La Embajada de España, amparada por su Bandera, ha sido atacada en Kabul. No es la primera vez, ni sin duda será la última, que una representación diplomática es agredida. Tampoco la ficción jurídica en la que consiste la extraterritorialidad puede equipararse, a efectos de defensa, al territorio nacional, cuya intangibilidad es un interés vital que el Estado está llamado a defender haciendo uso de la fuerza. Es cierto, sin embargo, que la soberanía nacional ha sido ofendida y que dos de los nuestros han perdido la vida como consecuencia de ello.
Echamos de menos ahora esa cohesión que hemos visto tras el atentado de París: todos somos Francia, se dijo, y se sigue diciendo. Y, en cuanto al presidente Hollande, no tuvo duda: Francia está en guerra, fueron sus palabras. Visto lo visto en días pasados, y aún fresca la sangre de los dos policías muertos en acto de servicio, cabe dudar de que todos seamos España, a pesar de las banderas a media asta y minutos de silencio. O dicho de otra manera, como obras son amores y no buenas razones, no me queda claro que tengamos la resolución, o los redaños, vaya, que hay que tener para defendernos.
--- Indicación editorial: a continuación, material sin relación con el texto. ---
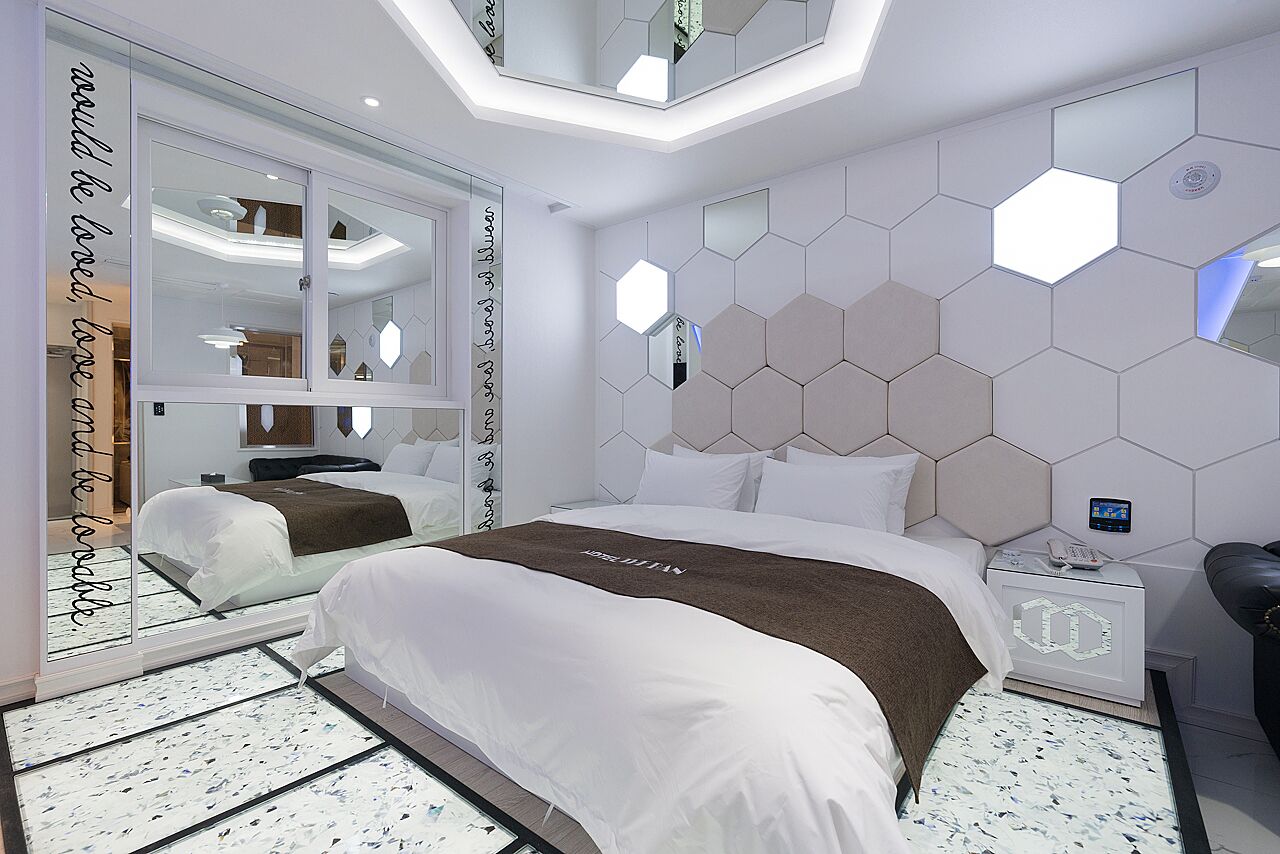 A modern hotel room with a large bed, a nightstand, and a mirror.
Cuando algo malo sucede, todos miramos al Gobierno, porque el liderazgo es connatural a toda sociedad humana, aunque a veces aquí se persiga sañudamente. Una vez más, no vemos más que dudas, la primera en la frente: no ha sido un ataque contra España, sino contra una casa de huéspedes. Pero bueno ¿acaso no nos han demolido media Embajada? ¿O vamos a considerar el estropicio un «daño colateral»? Aquella misma noche tuvimos que oír de nuevo en las tertulias una acusación velada y falaz: «el Gobierno no puede mentir». Y ya estamos en lo de siempre, buscar culpables entre nosotros, y en plena campaña electoral.
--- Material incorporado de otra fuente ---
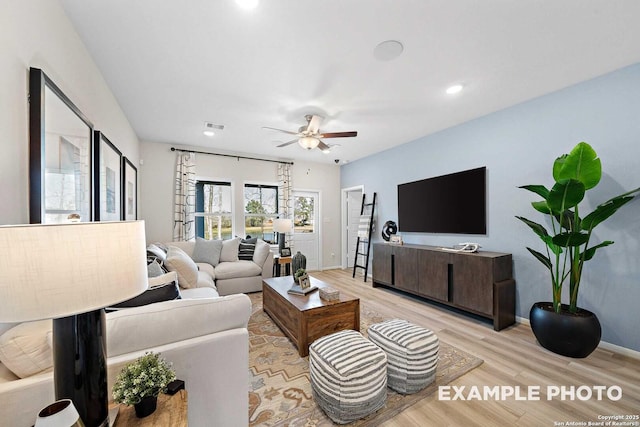 living room featuring recessed lighting, visible vents, light wood-style flooring, ceiling fan, and baseboards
En el fondo, los voceros del «no a la guerra» han venido convenciendo a la ciudadanía de que nosotros, españoles y occidentales, somos castigados por buscar la confrontación con otras civilizaciones, en particular la musulmana. ¿A quién puede extrañar, con tales antecedentes, que el Gobierno de la nación se haya puesto de perfil hace unos días ante la perspectiva de defendernos en Malí, codo a codo con nuestros aliados? No hace sino seguir aguas de Rodríguez Zapatero, para quien Afganistán era una oportunidad de ofrecer ayuda humanitaria, aunque desde allá llegase un rumor de guerra, en el que, por cierto, inevitablemente resonaban nuestras armas, para también inevitable disgusto del Gobierno.
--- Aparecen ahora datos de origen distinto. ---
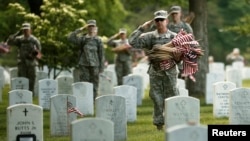 Soldiers salute as "Taps" is played during a military funeral nearby as they were placing flags on graves at Arlington National Cemetery in Virginia May 23, 2013.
Eran, y son, rumores de guerra, que no pueden ignorarse cuando, aunque vengan de remotas montañas o desiertos lejanos, irrumpen en nuestras vidas cuando, en libertad, hacemos algo tan inocente como asistir a un espectáculo o acudir a trabajar. Entonces ya no puede desconocerse que somos todos quienes estamos siendo atacados. Sólo cabe luchar, porque la libertad no es gratis, hay que merecerla. Y así, estamos en guerra, guste o no al Gobierno y a la oposición.
Es ésta una forma de enfrentamiento que ha dado en llamarse «conflicto de cuarta generación», por distinguirlo de otros que hemos vivido, como la Guerra del Yom Kippur de 1973 e incluso la II Guerra del Golfo de 1991. Ahora no se distingue el frente de la retaguardia, no siempre existen objetivos geográficos y se lucha con medios y procedimientos asimétricos y complejos, no puramente militares. Pero, sin duda, los hechos corresponden a la definición de guerra como acto violento en la que las partes contendientes hacen uso de la fuerza para alcanzar sus fines, sean ofensivos o defensivos.
Maquiavelo enseñó al Príncipe que la guerra era el más grave asunto que quien ejerce el poder está llamado a afrontar. Es obvio que la naturaleza democrática del Estado exige formas jurídicas para el ejercicio de la fuerza que han de ser respetadas. No obstante, sin cohesión de la sociedad en torno al interés supremo de defender su forma de vida y su misma existencia, y sin un firme liderazgo nacional, ninguna guerra puede ganarse. Lejos de reducirse a un rumor en los periódicos, esta guerra afecta a nuestras vidas, y acaso más cada día que pase, hasta que se logre acabar con la amenaza que pende sobre nuestras cabezas.
Hemos sufrido la muerte de dos policías que defendían con las armas la seguridad de todos. Por eso mismo, no quisiera considerarles víctimas, sino sentidas bajas en el cumplimiento del deber. Guardemos su memoria junto a la de los combatientes que les han precedido en el camino del honor, con todo respeto y afecto a sus familias. El mejor homenaje que podemos rendirles no son nuestras lágrimas, sino proclamar, con orgullo y resolución, que todos somos España.
Agustín Rosety Fernández de Castro, general de Brigada del Cuerpo de Infantería de Marina (R).